After activation of the computational module, the fork-join queuing cluster 204 may allocate at least one computational module non-sequentially to participant computational nodes. The participant computational nodes may be located in a distributed cloud computing environment. By means of the participant computational nodes, the fork-join queuing cluster 204 may process a data set according to predetermined criteria.
The distributed database 206 may be configured to store at least one computational module. Furthermore, the distributed database 206 may be configured to store at least one condition associated with the at least one computational module. The user interface 208 may allow a user to build computational modules, modify computational modules, specify data sources, specify conditions for execution of the computational modules, etc.
The engine 200 is further described in detail with reference to FIG. 3. FIG. 3 shows a graphical representation 300 for managing the workflow using the engine 200. Each event occurring in the workflow may be associated with one or more conditions.

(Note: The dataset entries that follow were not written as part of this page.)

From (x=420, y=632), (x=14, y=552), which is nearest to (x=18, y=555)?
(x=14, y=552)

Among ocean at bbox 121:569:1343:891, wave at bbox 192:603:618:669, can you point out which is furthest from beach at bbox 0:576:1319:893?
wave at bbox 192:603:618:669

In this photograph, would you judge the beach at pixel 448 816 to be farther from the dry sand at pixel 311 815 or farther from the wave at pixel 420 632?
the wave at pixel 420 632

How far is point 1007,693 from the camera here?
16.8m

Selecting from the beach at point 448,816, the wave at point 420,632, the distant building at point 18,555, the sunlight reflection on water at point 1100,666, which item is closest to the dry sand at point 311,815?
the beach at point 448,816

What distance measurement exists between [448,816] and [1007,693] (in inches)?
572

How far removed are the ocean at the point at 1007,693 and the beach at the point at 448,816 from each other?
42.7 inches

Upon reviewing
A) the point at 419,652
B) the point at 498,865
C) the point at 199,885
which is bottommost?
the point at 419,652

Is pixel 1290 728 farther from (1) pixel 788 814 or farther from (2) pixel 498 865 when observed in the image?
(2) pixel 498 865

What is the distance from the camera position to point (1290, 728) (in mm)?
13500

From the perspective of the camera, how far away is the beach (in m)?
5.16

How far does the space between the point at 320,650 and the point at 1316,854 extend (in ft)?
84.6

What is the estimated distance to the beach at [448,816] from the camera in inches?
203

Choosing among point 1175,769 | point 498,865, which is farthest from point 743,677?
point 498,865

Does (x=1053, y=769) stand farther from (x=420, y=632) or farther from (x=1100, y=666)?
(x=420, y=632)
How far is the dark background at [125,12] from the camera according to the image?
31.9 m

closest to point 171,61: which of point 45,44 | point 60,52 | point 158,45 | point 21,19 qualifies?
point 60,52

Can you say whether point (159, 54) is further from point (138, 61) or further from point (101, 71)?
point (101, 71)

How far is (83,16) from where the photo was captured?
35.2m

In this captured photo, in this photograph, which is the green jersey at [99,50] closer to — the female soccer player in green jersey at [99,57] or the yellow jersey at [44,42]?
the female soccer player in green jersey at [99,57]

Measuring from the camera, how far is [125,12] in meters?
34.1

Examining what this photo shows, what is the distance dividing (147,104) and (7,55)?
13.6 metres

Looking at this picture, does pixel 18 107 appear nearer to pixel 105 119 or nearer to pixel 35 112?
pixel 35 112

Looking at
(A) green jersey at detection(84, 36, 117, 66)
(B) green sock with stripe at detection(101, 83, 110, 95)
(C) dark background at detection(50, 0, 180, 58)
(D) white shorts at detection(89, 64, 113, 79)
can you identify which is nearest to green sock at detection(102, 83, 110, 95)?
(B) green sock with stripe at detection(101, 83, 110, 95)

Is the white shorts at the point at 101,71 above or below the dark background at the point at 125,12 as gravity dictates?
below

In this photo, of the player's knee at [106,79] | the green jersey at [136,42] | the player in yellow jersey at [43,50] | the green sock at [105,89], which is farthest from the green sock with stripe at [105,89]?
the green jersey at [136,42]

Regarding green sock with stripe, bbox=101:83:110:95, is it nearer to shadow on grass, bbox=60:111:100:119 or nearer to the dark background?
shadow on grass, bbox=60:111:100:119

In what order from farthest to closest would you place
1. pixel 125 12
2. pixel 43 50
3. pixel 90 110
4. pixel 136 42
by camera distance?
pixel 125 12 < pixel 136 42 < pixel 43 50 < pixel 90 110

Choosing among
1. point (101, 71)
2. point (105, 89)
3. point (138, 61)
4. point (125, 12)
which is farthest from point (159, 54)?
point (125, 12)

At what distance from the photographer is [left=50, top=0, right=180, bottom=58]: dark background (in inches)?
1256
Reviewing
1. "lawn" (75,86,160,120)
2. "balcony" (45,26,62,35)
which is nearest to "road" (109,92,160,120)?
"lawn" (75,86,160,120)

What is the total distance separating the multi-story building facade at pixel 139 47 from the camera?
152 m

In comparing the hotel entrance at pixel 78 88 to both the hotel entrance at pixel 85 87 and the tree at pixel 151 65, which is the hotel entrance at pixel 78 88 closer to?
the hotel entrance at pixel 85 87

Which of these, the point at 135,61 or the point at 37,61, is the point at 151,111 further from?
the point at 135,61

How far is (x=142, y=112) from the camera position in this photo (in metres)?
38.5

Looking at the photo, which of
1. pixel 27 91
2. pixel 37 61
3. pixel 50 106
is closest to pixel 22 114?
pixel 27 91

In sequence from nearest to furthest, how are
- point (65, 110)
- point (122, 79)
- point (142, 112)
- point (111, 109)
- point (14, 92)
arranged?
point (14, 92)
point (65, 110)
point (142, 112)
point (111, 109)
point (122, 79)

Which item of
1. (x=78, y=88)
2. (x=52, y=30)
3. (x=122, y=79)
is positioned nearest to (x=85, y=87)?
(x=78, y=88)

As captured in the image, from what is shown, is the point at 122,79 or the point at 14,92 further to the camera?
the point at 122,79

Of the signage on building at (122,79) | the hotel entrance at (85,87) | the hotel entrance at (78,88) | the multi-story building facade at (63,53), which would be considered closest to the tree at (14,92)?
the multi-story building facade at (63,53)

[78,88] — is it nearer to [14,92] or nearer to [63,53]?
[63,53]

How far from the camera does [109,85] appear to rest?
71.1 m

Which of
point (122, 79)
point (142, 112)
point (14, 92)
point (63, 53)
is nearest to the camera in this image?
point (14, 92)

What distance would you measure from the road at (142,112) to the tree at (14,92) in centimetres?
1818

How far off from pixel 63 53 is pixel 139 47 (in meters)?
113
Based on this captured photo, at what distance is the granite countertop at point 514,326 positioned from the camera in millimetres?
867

In other words, a condition may be satisfied when the event associated with this condition occurs. A decision node of the event-driven management engine for scientific workflows may run a conditional loop in order to check whether the at least one condition is true. Upon occurring of an event 310, the decision node may determine that the at least one condition is true. Each true condition 320 associated with the event 310 may run a task. A task may include processing a data set, such as performing computations, sorting data, drawing diagrams, and so forth. In an example embodiment, the data set may be selected by the user (e.g., from a database). Furthermore, the data set may be obtained from testing equipment. The user may use the user interface to specify data sources from which the data set may be obtained.
After the determination that there is a true condition 320, the decision node may selectively activate at least one computational module. The computational modules and the condition associated with the computational modules may be stored in a database 206. In an example embodiment, the user may use a user interface to build or modify the computational modules, as well as specify conditions for execution of the computational modules.

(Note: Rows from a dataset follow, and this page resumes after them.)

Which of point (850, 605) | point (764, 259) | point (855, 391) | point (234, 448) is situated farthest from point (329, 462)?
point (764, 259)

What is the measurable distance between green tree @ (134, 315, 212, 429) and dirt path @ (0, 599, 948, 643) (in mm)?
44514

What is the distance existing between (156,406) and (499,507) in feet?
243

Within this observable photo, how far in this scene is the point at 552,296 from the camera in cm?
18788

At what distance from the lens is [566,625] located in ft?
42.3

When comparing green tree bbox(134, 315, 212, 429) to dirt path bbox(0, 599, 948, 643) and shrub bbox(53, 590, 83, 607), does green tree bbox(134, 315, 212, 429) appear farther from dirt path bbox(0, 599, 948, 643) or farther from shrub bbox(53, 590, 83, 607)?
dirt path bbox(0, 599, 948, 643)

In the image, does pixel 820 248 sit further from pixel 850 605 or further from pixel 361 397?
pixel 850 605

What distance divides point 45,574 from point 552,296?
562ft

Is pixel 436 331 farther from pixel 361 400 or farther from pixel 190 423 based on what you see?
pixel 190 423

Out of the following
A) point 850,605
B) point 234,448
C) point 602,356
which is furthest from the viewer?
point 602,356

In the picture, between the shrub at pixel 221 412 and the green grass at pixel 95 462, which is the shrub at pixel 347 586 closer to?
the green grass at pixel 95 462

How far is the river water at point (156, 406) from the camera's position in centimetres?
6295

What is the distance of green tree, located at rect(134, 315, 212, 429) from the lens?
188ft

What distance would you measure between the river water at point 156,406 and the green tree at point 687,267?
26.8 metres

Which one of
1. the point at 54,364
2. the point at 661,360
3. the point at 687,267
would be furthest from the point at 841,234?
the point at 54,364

Once there is at least one activated computational module 330, a fork-join queuing cluster of the event-driven management engine for scientific workflows may allocate at least one computational module non-sequentially to participant computational nodes in a distributed cloud computing environment. The cloud computing environment may include a plurality of computational clusters to increase performance and enable parallel execution of the tasks. Furthermore, the fork-join queuing cluster may process a data set according to predetermined criteria.
The parallel steps performed by the fork-join queuing cluster are illustrated in detail on a scheme 400 of FIG. 4. Conventional workflow execution engines support only predefined splits and cannot handle dynamic splits that depend on specific parameters. In the disclosed technology, if a number of parallel tasks is being performed, the fork-join queuing cluster can split, at a fork point 450, incoming task 410 into a number of sub-tasks represented as fragments 420. The splits can be determined when the fork-join queuing cluster starts splitting tasks. The fragments 420 can be processed by numerous computational nodes (not shown). After processing of the fragments 420, the processed fragments 430 may be joined at a join point 460 into a processed data set 440. It should be noted that splitting steps need to be finalized before the joining step.

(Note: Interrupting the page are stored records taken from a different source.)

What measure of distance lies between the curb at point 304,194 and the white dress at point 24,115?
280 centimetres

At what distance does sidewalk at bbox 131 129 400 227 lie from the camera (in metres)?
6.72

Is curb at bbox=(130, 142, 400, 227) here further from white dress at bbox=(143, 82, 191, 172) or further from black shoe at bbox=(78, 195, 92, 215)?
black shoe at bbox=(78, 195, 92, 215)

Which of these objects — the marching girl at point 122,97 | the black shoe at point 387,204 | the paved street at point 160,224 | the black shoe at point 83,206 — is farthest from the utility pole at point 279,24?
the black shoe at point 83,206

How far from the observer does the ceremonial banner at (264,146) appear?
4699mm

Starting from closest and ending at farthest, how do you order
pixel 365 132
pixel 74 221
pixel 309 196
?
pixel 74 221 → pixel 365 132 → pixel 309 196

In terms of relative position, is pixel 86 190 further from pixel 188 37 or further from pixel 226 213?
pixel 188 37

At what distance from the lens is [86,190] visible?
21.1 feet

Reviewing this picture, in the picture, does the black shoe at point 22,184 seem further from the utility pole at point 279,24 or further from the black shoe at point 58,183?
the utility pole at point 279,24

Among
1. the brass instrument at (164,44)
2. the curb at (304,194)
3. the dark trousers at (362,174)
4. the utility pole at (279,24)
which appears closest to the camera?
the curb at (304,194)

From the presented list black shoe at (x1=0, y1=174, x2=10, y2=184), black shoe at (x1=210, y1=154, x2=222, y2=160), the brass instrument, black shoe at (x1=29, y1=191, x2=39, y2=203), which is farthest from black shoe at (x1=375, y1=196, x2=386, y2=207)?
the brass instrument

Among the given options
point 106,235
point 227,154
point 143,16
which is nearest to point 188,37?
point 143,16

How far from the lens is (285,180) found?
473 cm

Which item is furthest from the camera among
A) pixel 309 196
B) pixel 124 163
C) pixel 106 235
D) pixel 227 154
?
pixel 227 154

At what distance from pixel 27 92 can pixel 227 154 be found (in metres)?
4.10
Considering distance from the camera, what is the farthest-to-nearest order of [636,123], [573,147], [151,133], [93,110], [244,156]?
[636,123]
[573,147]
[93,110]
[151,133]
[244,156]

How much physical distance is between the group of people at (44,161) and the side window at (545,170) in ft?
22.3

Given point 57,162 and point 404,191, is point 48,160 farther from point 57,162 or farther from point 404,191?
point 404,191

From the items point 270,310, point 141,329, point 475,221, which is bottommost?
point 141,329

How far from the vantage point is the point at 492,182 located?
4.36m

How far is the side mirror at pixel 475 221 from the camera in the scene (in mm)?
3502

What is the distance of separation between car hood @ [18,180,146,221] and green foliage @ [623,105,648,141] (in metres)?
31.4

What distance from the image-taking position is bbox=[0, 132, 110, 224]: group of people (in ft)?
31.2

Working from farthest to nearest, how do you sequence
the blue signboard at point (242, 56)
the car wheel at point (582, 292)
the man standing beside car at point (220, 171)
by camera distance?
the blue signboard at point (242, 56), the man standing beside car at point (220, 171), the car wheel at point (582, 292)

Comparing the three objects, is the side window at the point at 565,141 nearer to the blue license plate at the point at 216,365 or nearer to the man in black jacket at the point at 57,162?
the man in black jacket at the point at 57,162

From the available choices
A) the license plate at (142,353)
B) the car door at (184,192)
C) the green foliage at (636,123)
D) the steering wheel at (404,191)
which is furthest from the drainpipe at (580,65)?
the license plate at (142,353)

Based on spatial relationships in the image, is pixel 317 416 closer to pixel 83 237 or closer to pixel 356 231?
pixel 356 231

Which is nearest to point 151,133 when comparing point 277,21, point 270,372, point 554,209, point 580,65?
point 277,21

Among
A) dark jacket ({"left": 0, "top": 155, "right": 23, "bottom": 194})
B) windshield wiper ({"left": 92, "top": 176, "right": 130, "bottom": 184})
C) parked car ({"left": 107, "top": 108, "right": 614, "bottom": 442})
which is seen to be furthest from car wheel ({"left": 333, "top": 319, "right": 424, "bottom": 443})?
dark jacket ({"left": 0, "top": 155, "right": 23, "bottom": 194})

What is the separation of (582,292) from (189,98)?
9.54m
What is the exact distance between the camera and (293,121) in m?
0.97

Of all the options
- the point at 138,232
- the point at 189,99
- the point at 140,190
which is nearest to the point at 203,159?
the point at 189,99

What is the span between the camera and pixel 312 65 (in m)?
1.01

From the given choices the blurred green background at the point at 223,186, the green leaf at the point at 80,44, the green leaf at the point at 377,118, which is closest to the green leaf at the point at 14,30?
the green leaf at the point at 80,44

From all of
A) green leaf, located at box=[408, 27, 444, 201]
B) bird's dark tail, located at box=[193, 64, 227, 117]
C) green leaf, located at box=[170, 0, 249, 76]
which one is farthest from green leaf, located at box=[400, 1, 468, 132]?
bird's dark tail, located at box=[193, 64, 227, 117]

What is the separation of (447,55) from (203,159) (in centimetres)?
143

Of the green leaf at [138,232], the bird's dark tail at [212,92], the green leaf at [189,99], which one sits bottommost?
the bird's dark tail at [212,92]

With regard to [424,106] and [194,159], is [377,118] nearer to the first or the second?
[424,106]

FIG. 5 shows a flow chart 500 for performing asymmetric splitting and joining by the fork-join queuing cluster. Conventional workflow execution engines require pairs of fork and join points. In the disclosed technology, fork points do necessarily have corresponding join points. Thus, the fork-join queuing cluster shown in FIG. 5 has two fork points and three join points. Fork points and join points may be located anywhere in the workflow. In fact, any tool that allows input from multiple sources can serve as a join point. If the join point has an input from several fork points, the join point can join the fragments when results from all fork points are available.
As shown on FIG. 5, the fork-join queuing cluster may split, at a fork point 560, an incoming task 510 into a number of sub-tasks represented as fragments 520, 525. The fragments 520 can be processed by numerous computational nodes (not shown). After processing of the fragments 520, the processed fragments 530 can be joined at a join point 580.
The fragment 525 can still be too complex for processing by a single computational node. Therefore, the fragment 525 may be split, at a fork point 570, into a number of fragments 540. The fragments 540 may be processed by the computational nodes. After processing of the fragments 540, some of the processed fragments, in particular the processed fragments 550, can be joined, at a join point 585, with the processed fragments joined at the join point 580. Another portion of the processed fragments, in particular the processed fragments 555, can be joined, at a join point 590, with the processed fragments joined at the join point 585. After joining at the join point 590, a processed data set 595 can be obtained.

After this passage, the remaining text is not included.